Peduli Learning Group (PLG); Inklusi Sosial untuk Kewargaan Demokratik

Yogyakarta, 10 Desember 2019—Fisipol UGM adakan Peduli Learning Group (PLG) yang bertajuk “Inklusi Sosial untuk Kewargaan Demokratik”. Bekerjasama dengan The Asia Foundation, acara ini merupakan bentuk tindak lanjut dari kegiatan riset pemadatan Inklusi Sosial dan Kewargaan, tema riset unggulan FISIPOL UGM. Berlokasi di Fisipol UGM, acara ini berlangsung selama 2 hari pada 9-10 Desember 2019.

“Kami menggandeng enam departemen yang ada di Fisipol UGM, kemudian mencoba merumuskan pendekatan apa yang cocok untuk digunakan dalam riset inklusi sosial. Maka, forum ini akan menjadi diseminasi bagi hasil riset kami,” ungkap Nurhadi, penasihat Tim Riset Inklusi Sosial dan Kewargaan.

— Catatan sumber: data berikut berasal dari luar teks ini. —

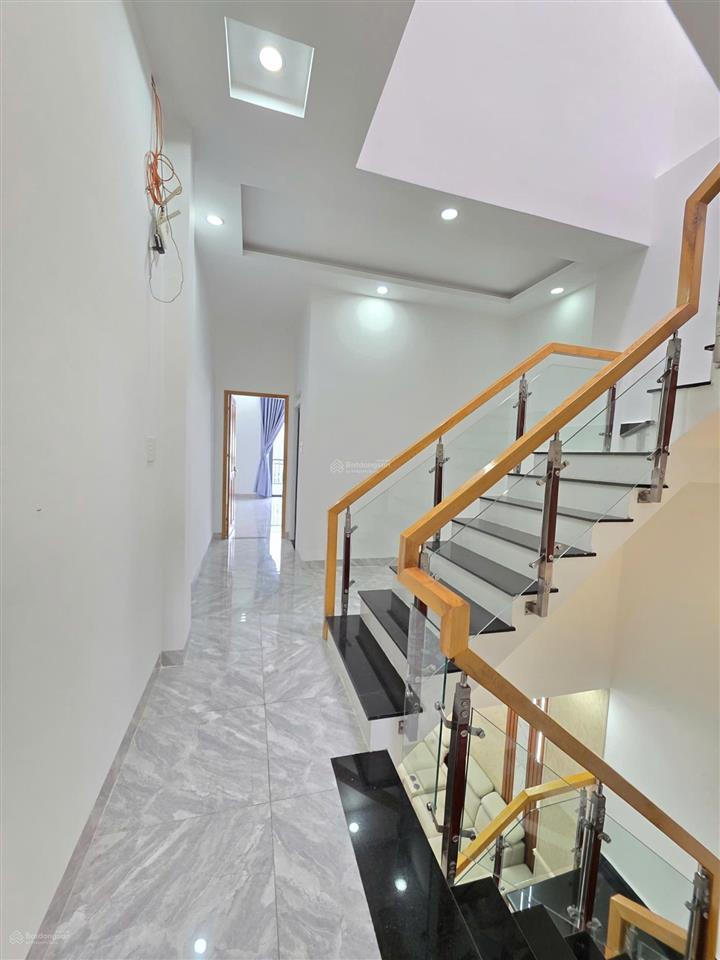 Bán nhà mới 1t 2l 4x17m, đường d1 kdc lê phong bình chuẩn 1 p. bình chuẩn, full nội thất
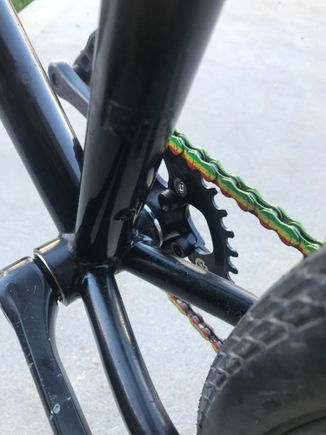 ST ovalized at the BB; no chainstay bridge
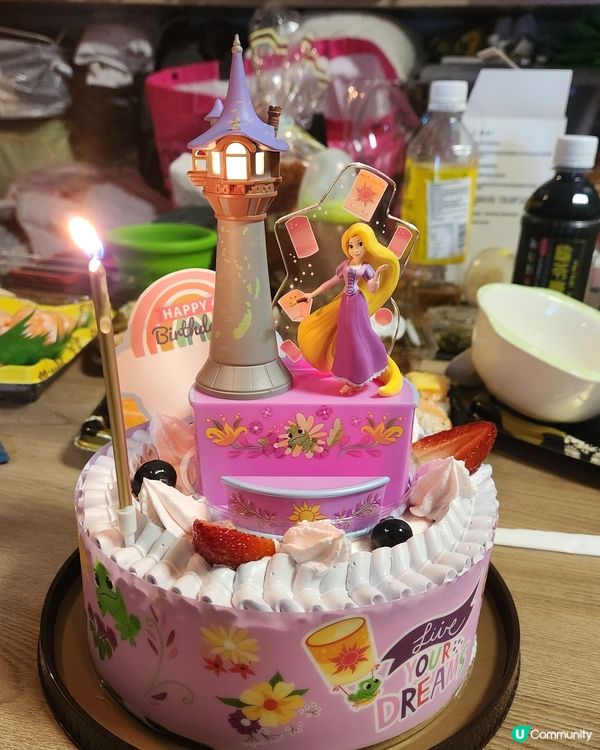 長髮公主雜果蛋糕 💕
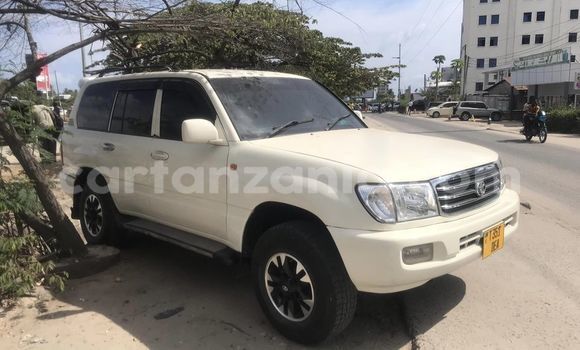Nunua Ilio tumika Toyota Land Cruiser Nyeupe Gari ndani ya Dar es Salaam nchini Dar es Salaam Nunua Ilio tumika Toyota Land Cruiser Nyeupe Gari ndani ya Dar es Salaam nchini Dar es Salaam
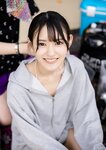[Photobook]【電子書籍版限定アザーカット追加】八掛うみ写真集 She Loves You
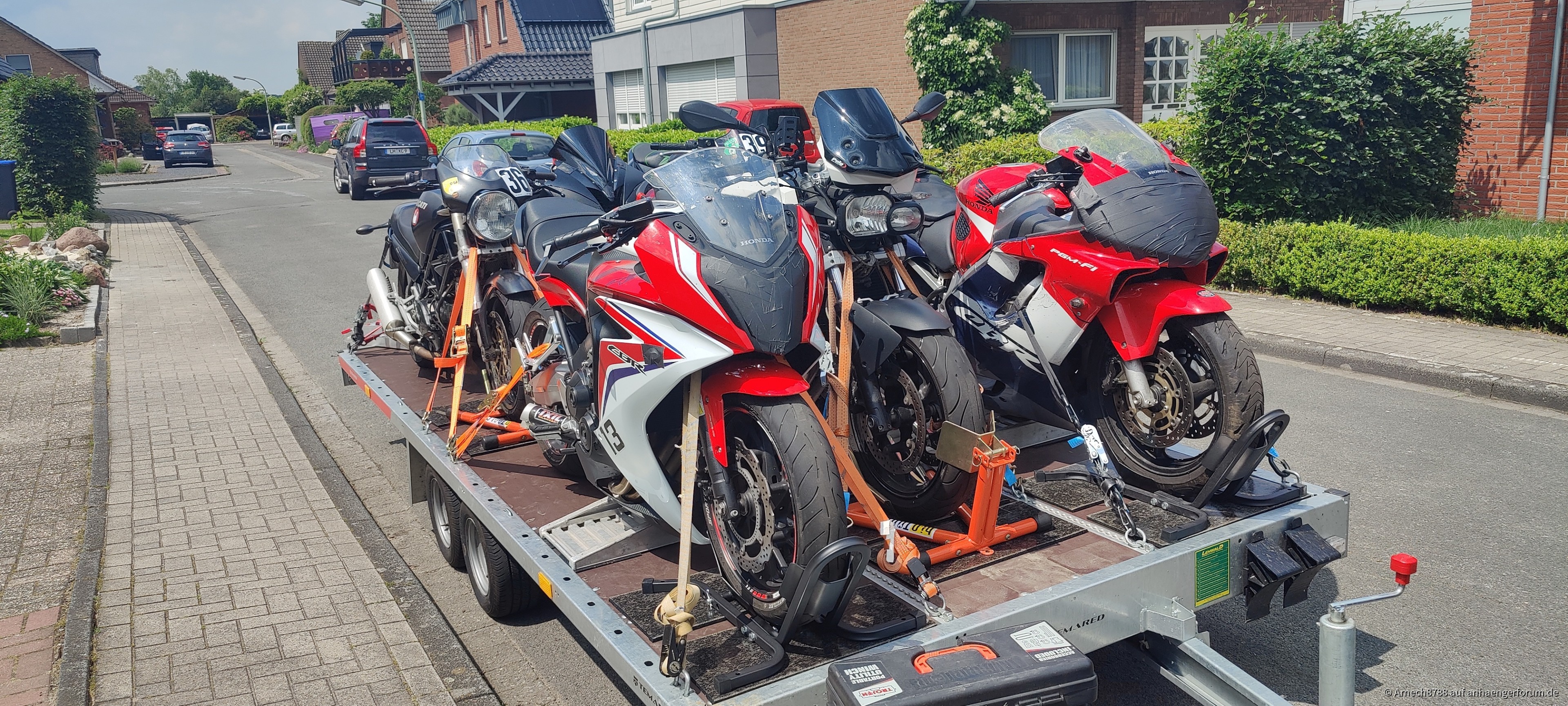 Transport von sechs Motorrädern zur Rennstrecke in Assen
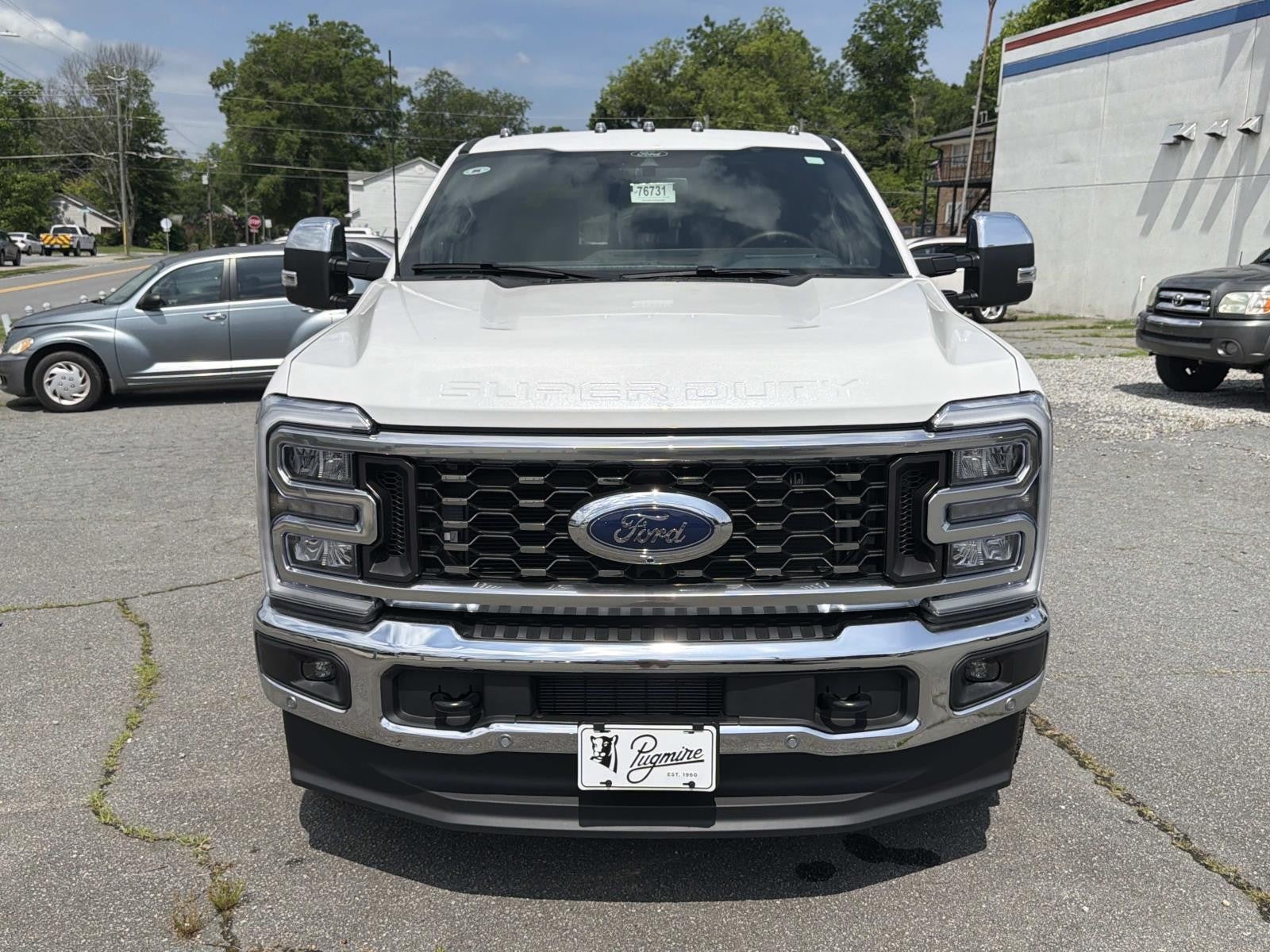 2026 Ford Super Duty F-350 DRW KING R 4WD CREW CAB 8' BO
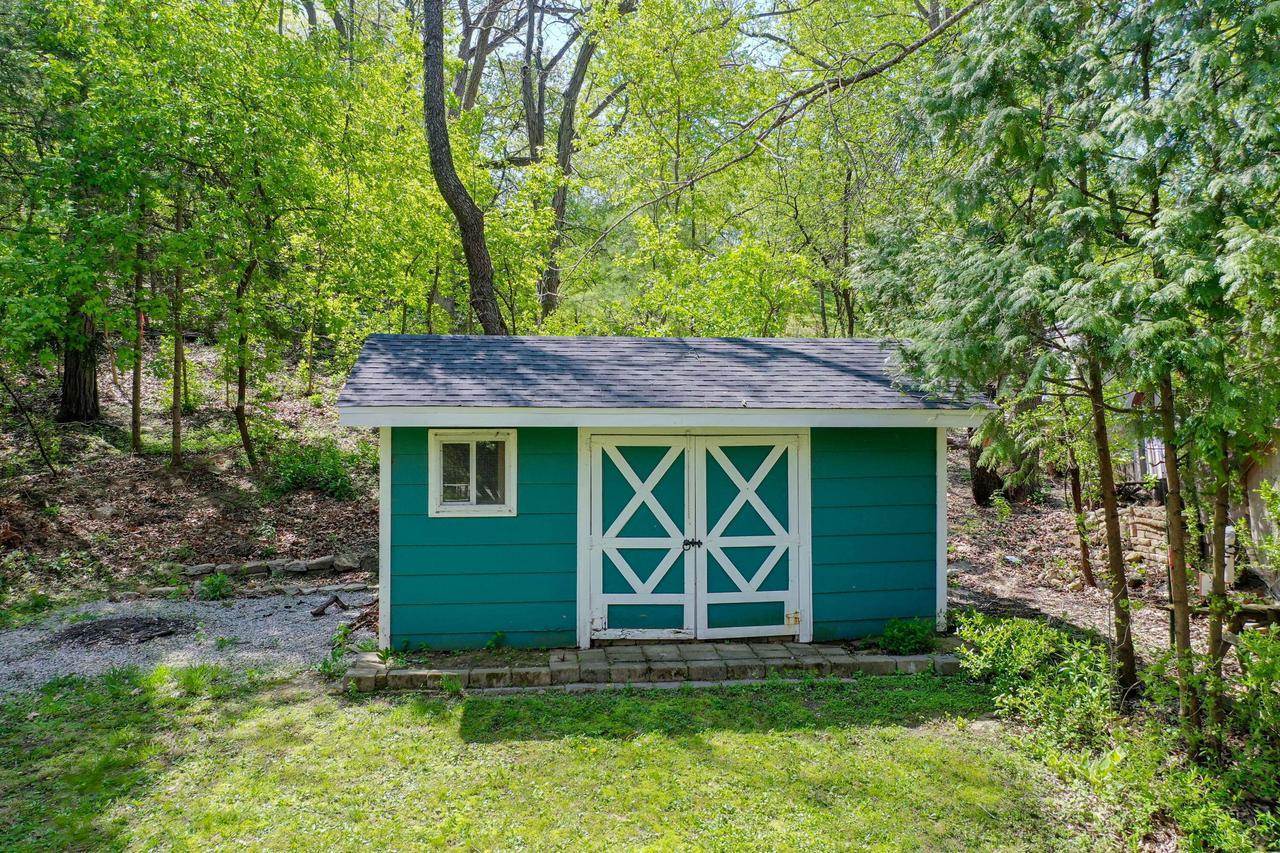 N7008 Oakwood Rd, Whitewater, WI 53190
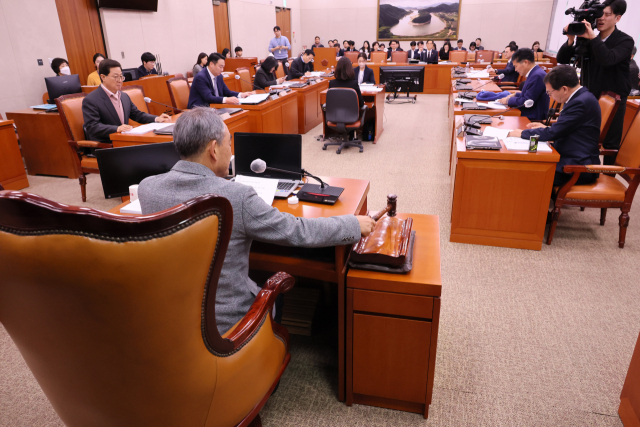 15일 국회에서 열린 농림축산식품해양수산위원회 안건조정위원회에서 윤준병 위원장이 의사봉을 두드리고 있다. 연합뉴스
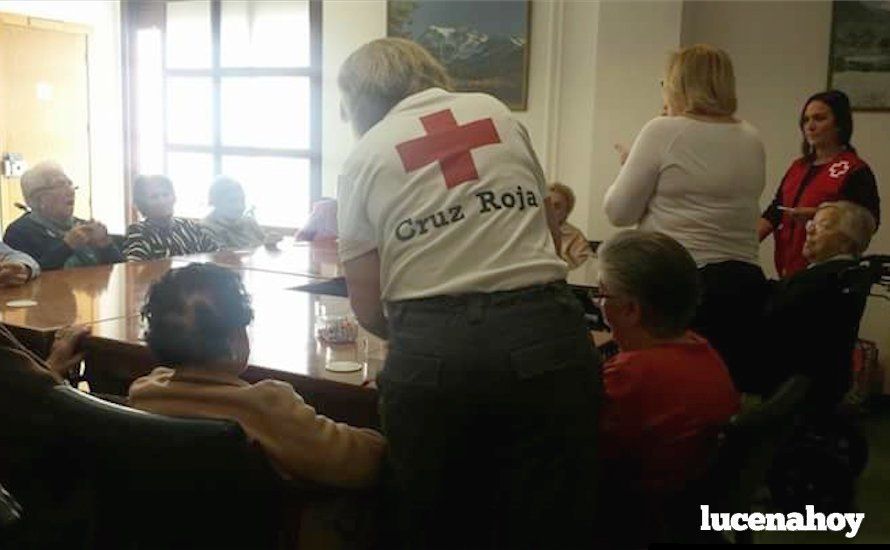  Uno de los talleres. Foto: Cruz Roja Lucena 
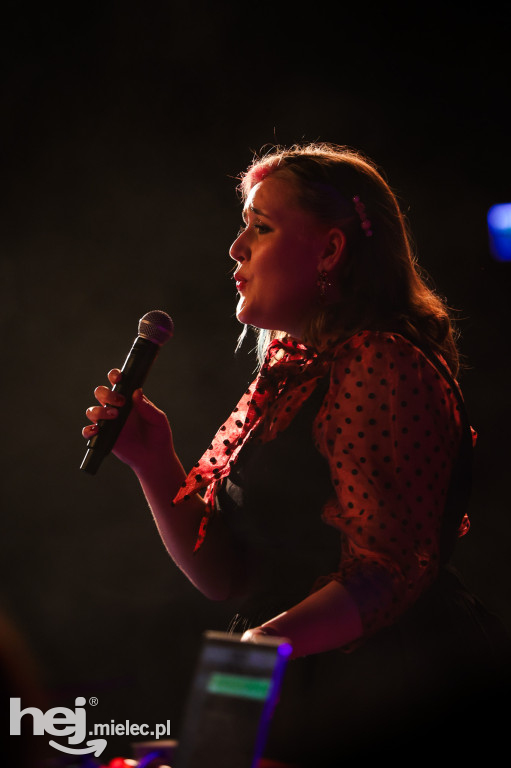 Koncert walentynkowy Mieleckiej Orkiestry Dętej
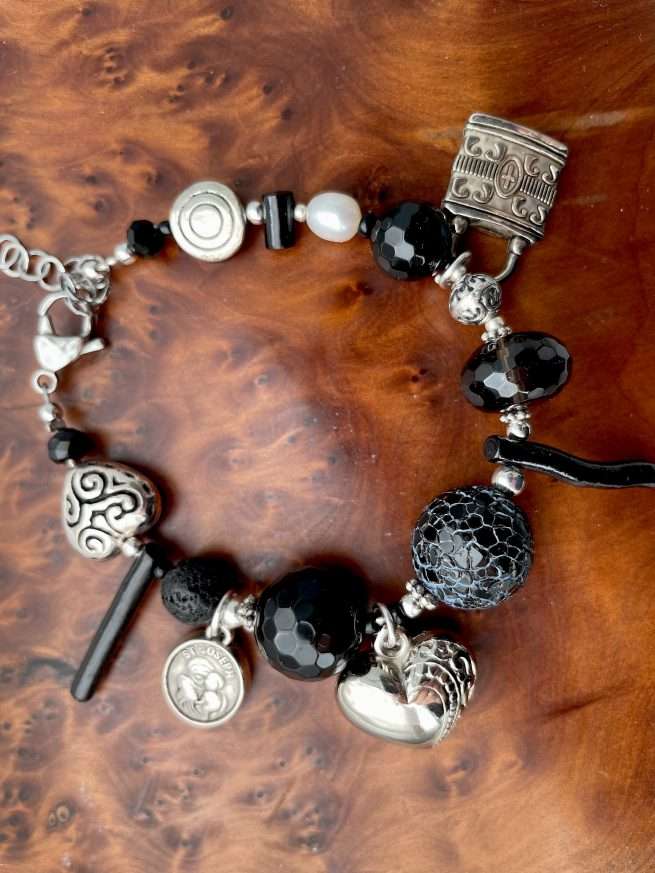Bracciale nero in Pietre dure "CON IL CUORE", regolabile - immagine 3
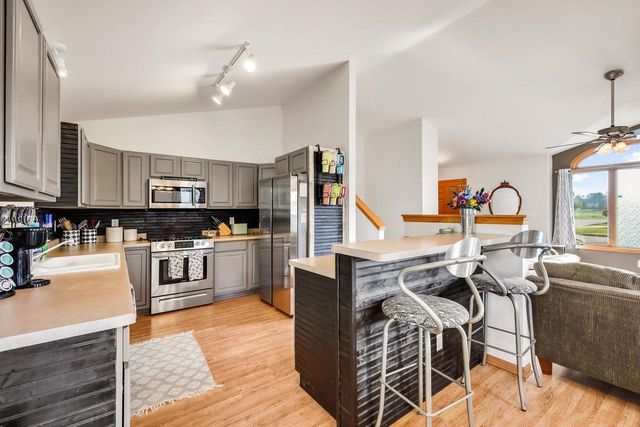 633 Autumn Wood Parkway, Deerfield, WI 53531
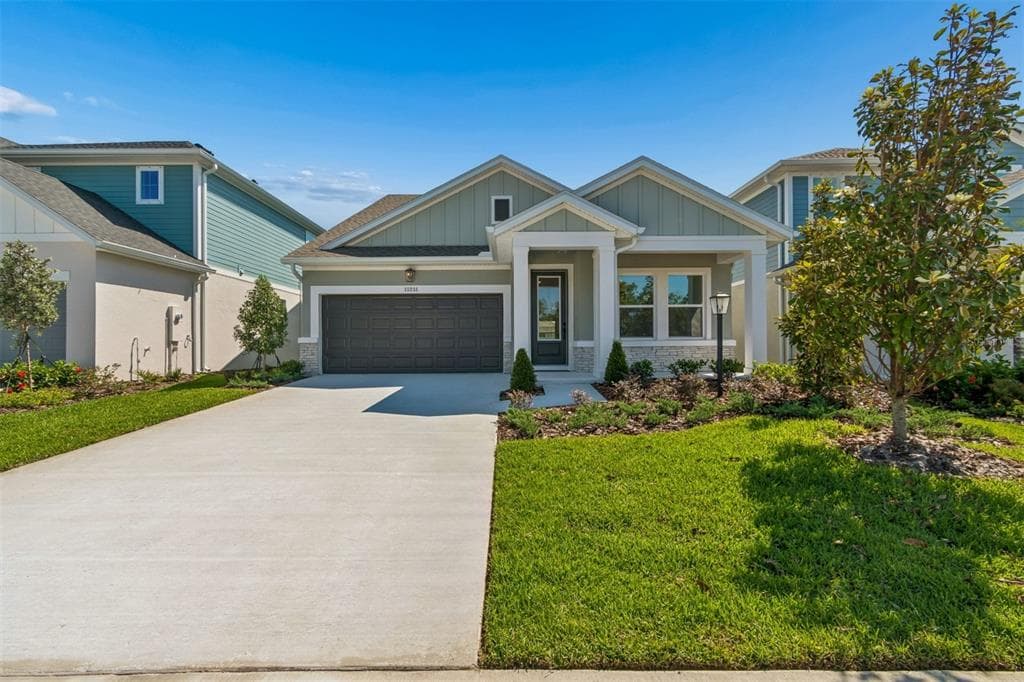 15231 EASTLYN DRIVE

Tim riset sendiri sudah terbentuk sejak awal 2019 di mana tim berupaya merumuskan kerangka analisis tentang inklusi sosial dan kewargaan demokratik berbasis kajian terhadap teori-teori yang ada. Penelitian dilakukan di Bandung, Makassar, dan Yogyakarta, bersama dengan komunitas dan organisasi yang menjadi bagian dari Program Peduli. Fokus studi kali ini adalah anak-anak yang dilacurkan (AYLA), waria, penyintas pelanggaran HAM berat 1965, dan orang dengan disabilitas.

Selain bentuk diseminasi hasil penelitian, acara ini juga bertujuan untuk membangun pengembangan pengetahuan dan advokasi inklusi sosial. Selain itu juga untuk membangun jaringan akademisi dan aktivis demokrasi inklusif di Indonesia.

Acara ini memang ditujukan untuk menjabarkan inklusi sosial sebagai sebuah kerangka analisis, praktik, dan proses kolaborasi. Sebagai kerangka analisis yakni untuk membangun dialog dan diskusi mengenai topik. Sebagai praktik untuk mengeksplorasi berbagai peluang dan tantangan yang muncul dalam praktik kerja inklusi sosial. Sebagai proses kolaborasi untuk merusmuskan potensi agenda kolaborasi lintas-sektor, multi-aktor, dan inter-disiplin.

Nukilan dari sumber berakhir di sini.